- To do: Copy task for the material below: print the line with "Le joueur a" and every line after it to the end, exactly as written, without the pictures.

- Stored data:

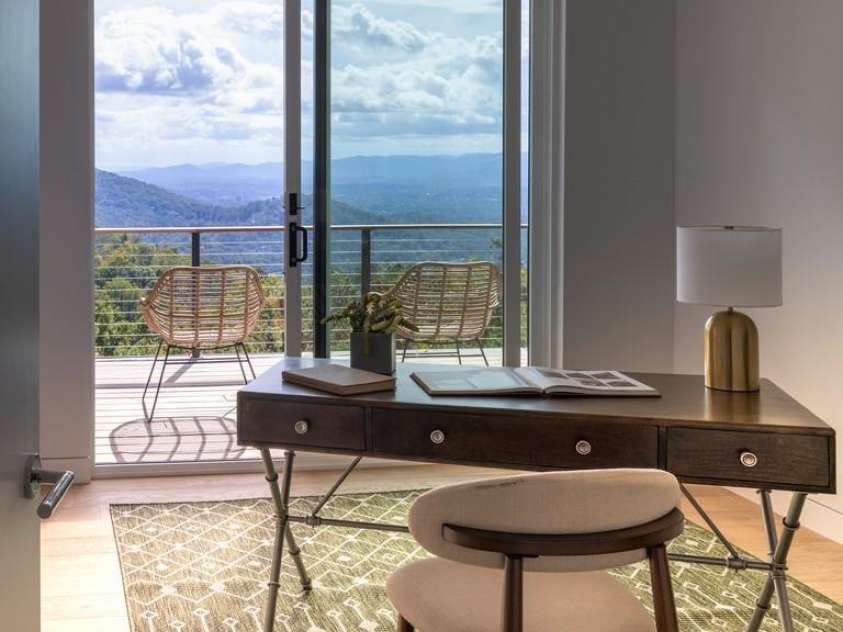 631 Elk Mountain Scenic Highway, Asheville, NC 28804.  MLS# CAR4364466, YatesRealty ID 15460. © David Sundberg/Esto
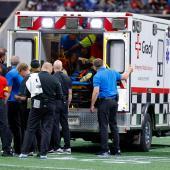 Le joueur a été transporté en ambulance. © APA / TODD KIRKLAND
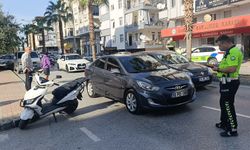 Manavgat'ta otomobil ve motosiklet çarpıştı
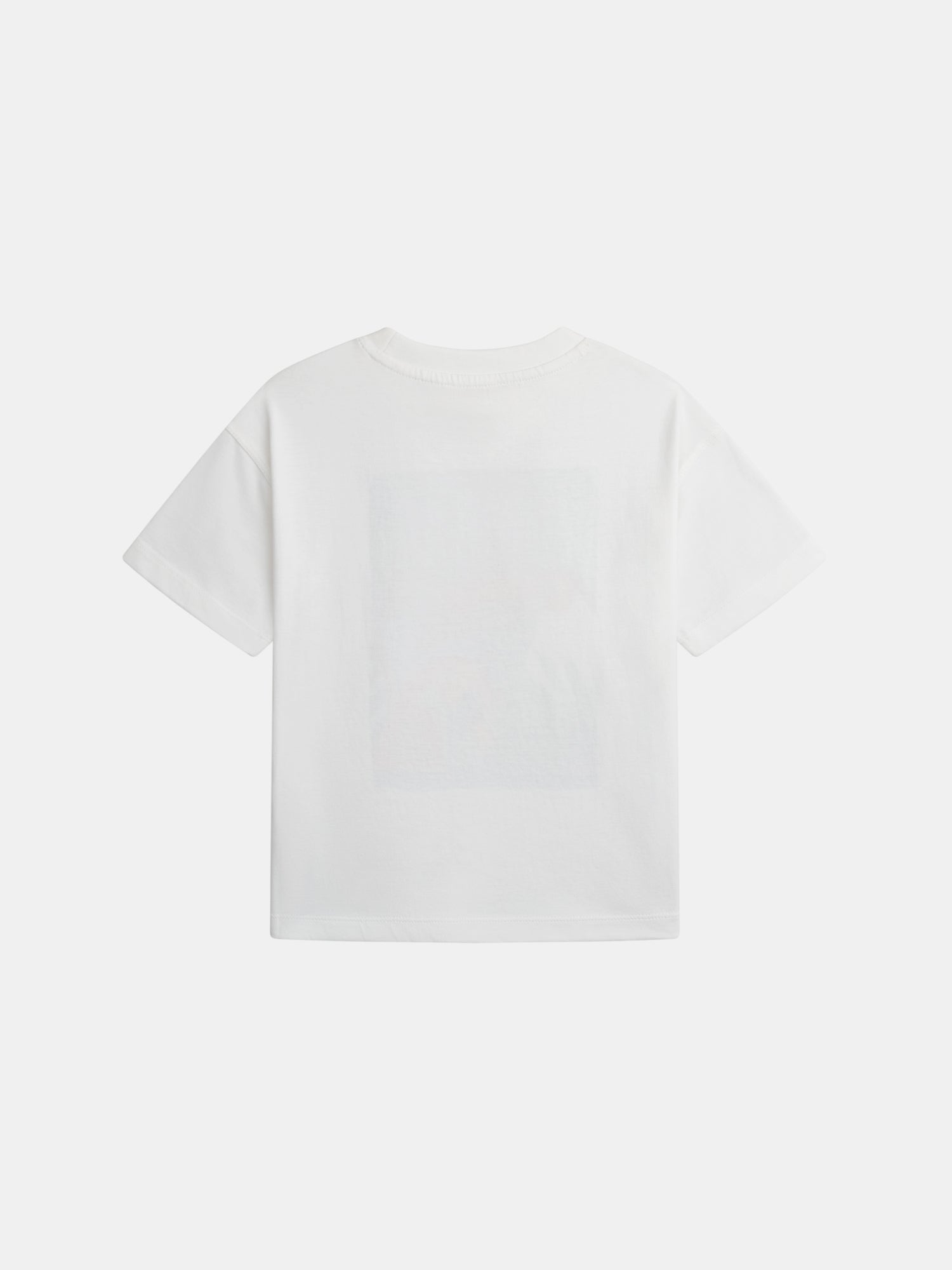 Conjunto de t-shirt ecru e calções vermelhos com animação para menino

- Reply:
 Le joueur a été transporté en ambulance. © APA / TODD KIRKLAND
 Manavgat'ta otomobil ve motosiklet çarpıştı
 Conjunto de t-shirt ecru e calções vermelhos com animação para menino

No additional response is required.